Optimal Times to Find Seashells
On any day, shelling is best at low tide. Sandbridge Beach has a relatively mild tidal range, with water rising between three and six feet, depending on the lunar cycle. The tide cycles twice a day, with six hours separating low tide and high tide.
Want to boost your shell-finding mojo? Look for them during low tide when there is a full or new moon lunar phase. Full moons cause higher tides and stronger currents, which can dislodge large shells, and more shells, from the seabed and wash them ashore. If there will be a full or new moon during your vacation, plan your shell-collecting trip near low tide on those days.
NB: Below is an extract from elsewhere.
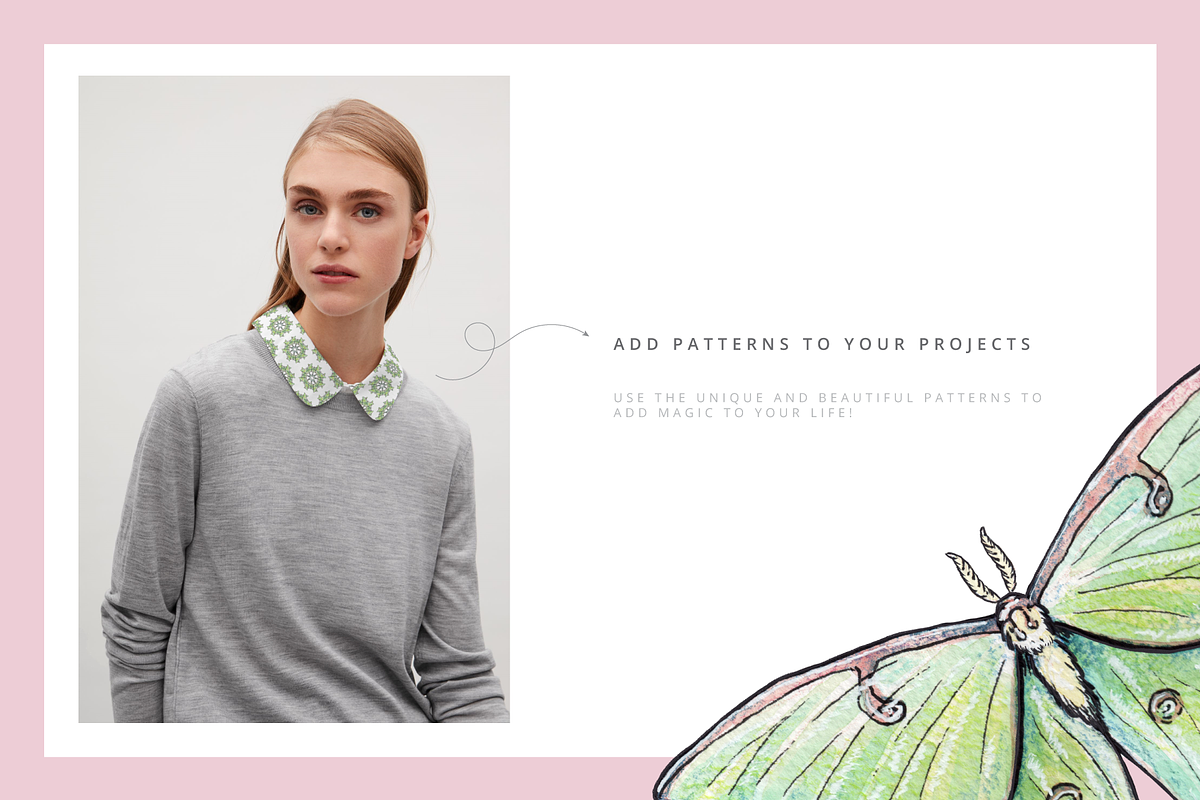 Ethereal Graphic Set & Fonts, an Animal Illustration by Riveros Illustration (Photo 8 of 14)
Though you won’t be able to plan for it, after a storm is also a great time to go shell hunting. Storms can cause strong waves and currents that wash greater quantities of shells onto the beach. After a storm is a wonderful time to walk the beach and handpick the large shells, sand dollars, and more that are easily churned up.
Types of Shells
Sandbridge Beach combers will find a variety of whelks, including knobbed whelks, channeled whelks, and lightning whelks. Telling one whelk species from another is fairly easy: In lightning whelks, the aperture or opening is on the left (think “L” for “lightning”). Knobbed whelks have knobby protrusions on the top, just as their name suggests. Channeled whelks have a dainty appearance, almost like the spiral of a cinnamon roll.
The rare Scotch Bonnet is the most-prized find on any East Coast beach. This small shell looks like a cone with a fat middle. Because it’s only about 2″ long, you’ll need to keep a sharp eye out as you walk the beach. If you find one, it’s worth celebrating.
Olive shells are somewhat rare, though a dedicated comber has a good chance of finding at least one. Olive shells are small, about 1″ to 2″ in length, and look like rolled tubes. If you find one, look closely at the intricate patterns.
Many other types of shells are common, but no less fun to find. Look for large, smooth clam shells, which locals call “quahogs,” and use them as soap dishes or bedside jewelry caches. Jingle shells are small, shiny, circular shells that reflect the sun like mother-of-pearl. Moonsnail shells are about the size of a quarter and look like a traditional snail shell. Oyster drills appear to be tiny conch shells with fancy ribs and patterns. You may also find razor clam shells, scallops, slipper shells, sundials, surf clams, tulip shells, angle and turkey wings, wentletraps, wormsnail shells, and pen shells.
Be Sure They’re Vacant
It’s very important to be sure any shells you collect are vacant. Seashells are home to marine snails, clams, mollusks, crabs, and more. If you pick up a shell and see that there’s something living in it, gently place it back in the water. The Sandbridge Beach ecosystem is fragile, and seashell-dwelling critters are an important part keeping it healthy.
You may find sand dollars, sea urchins, or starfish washed up on the beaches. Remember — it is illegal to collect them if they’re alive. How can you tell? Gently pick them up, turn them over, and look for moving cilia (tiny hairs).
For whelk shells or other shells that may contain mollusks, look inside the opening or gently place your finger in the opening to see if it’s occupied.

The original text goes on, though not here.